**PROVIDED DATA:**
"""
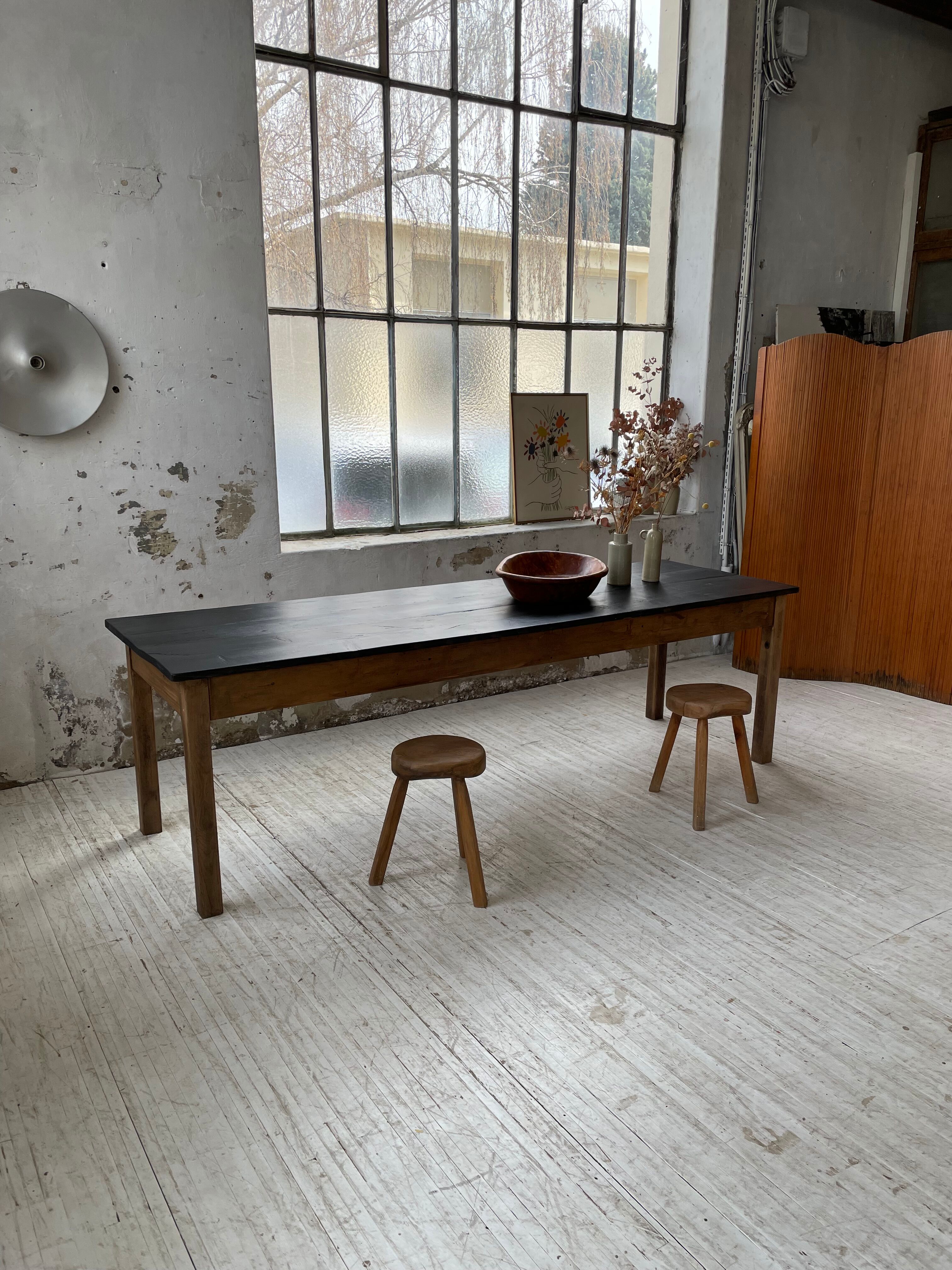 Black pine farm table 250 cm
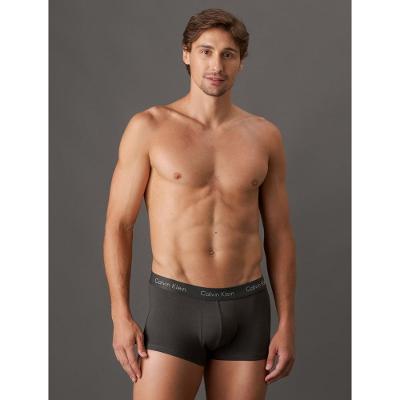 Kit 3 Cuecas Low Rise Trunk Classic Calvin Klein Underwear - Grafite/Prata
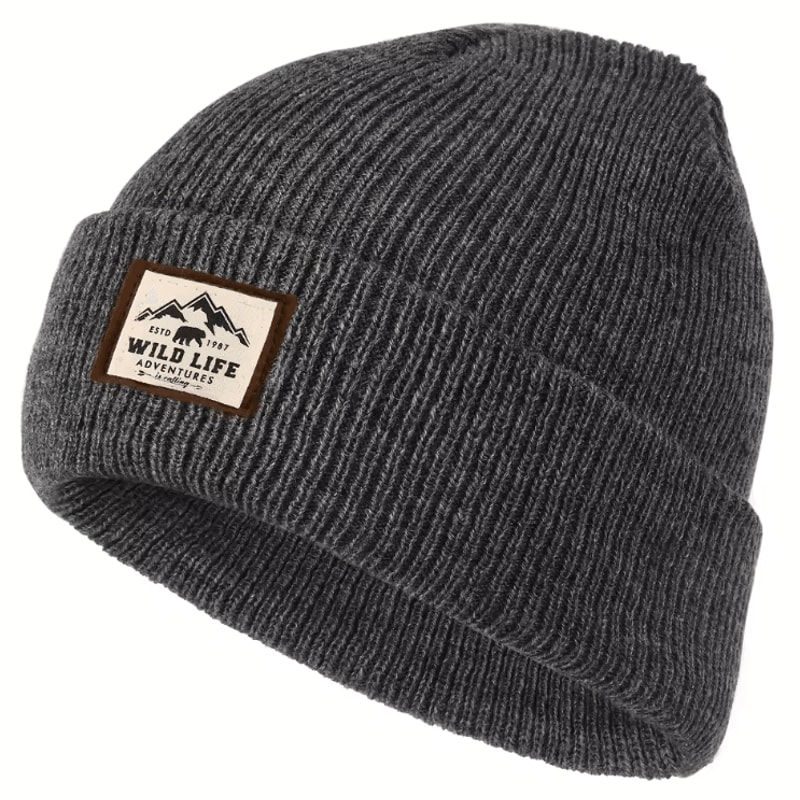 Windproof Thermal Fleece Outdoor Hat Adjustable Unisex Winter Cap For Hiking Fishing Cycling 4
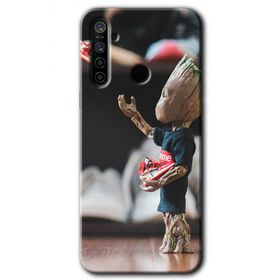 Realme 5I I am Groot Baskılı Uyumlu Silikon Kılıf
"""
**TASK INSTRUCTIONS:** Your task is to repeat only the lines from the line containing "Kit 3 Cuecas" through the final line of the material, inclusive; do not include pictures.

**TASK RESPONSE:**
 Kit 3 Cuecas Low Rise Trunk Classic Calvin Klein Underwear - Grafite/Prata
 Windproof Thermal Fleece Outdoor Hat Adjustable Unisex Winter Cap For Hiking Fishing Cycling 4
 Realme 5I I am Groot Baskılı Uyumlu Silikon Kılıf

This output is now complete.